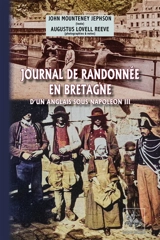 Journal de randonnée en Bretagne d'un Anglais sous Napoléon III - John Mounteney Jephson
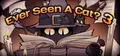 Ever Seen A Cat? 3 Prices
───
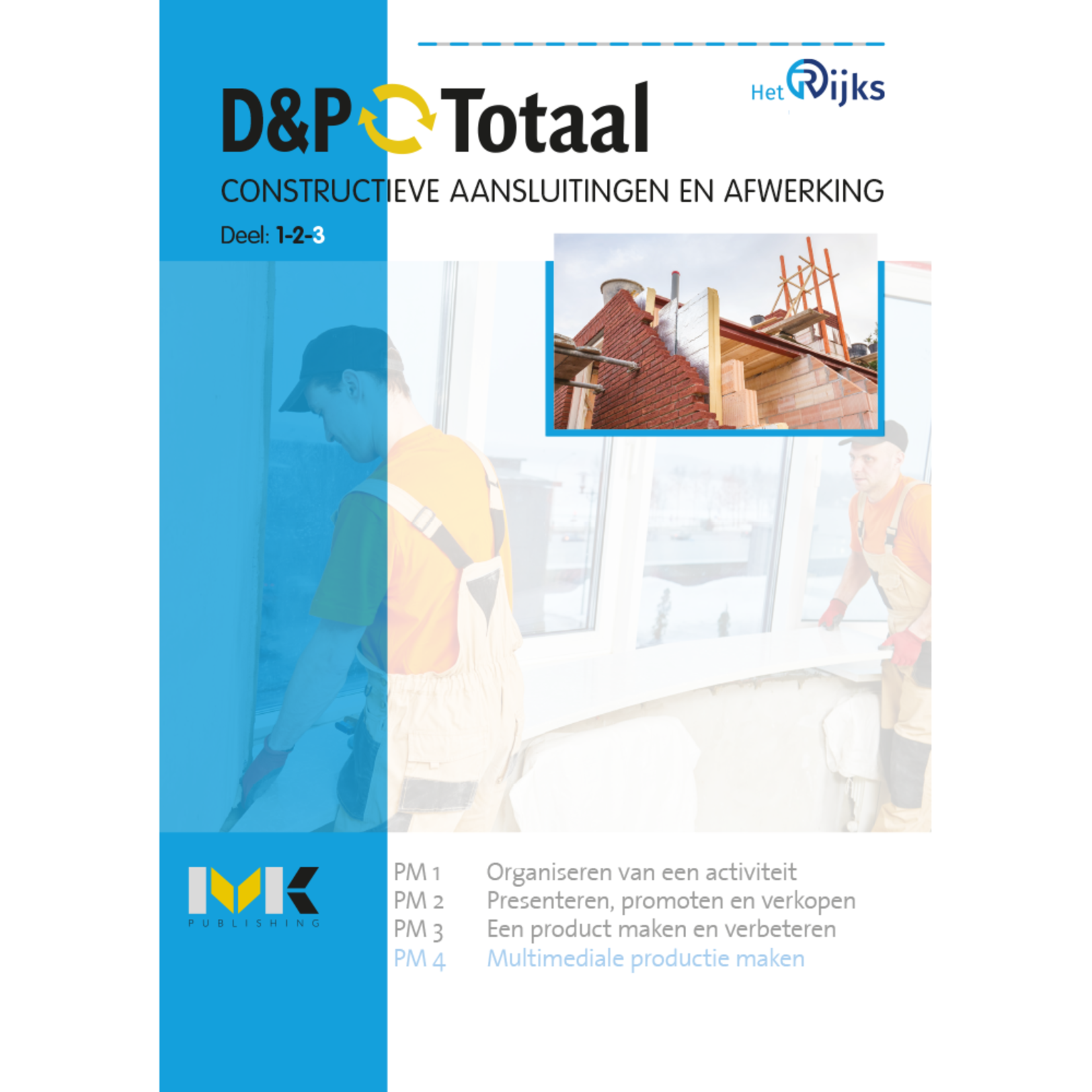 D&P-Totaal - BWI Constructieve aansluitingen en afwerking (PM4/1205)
───
§ Directions
Word for word, retype the lines in the entries above that run from the one with "Journal de randonnée" through the one with "Ever Seen A Cat? 3 Prices". Both ends count; pictures do not.

§ Exercise solution
 Journal de randonnée en Bretagne d'un Anglais sous Napoléon III - John Mounteney Jephson
 Ever Seen A Cat? 3 Prices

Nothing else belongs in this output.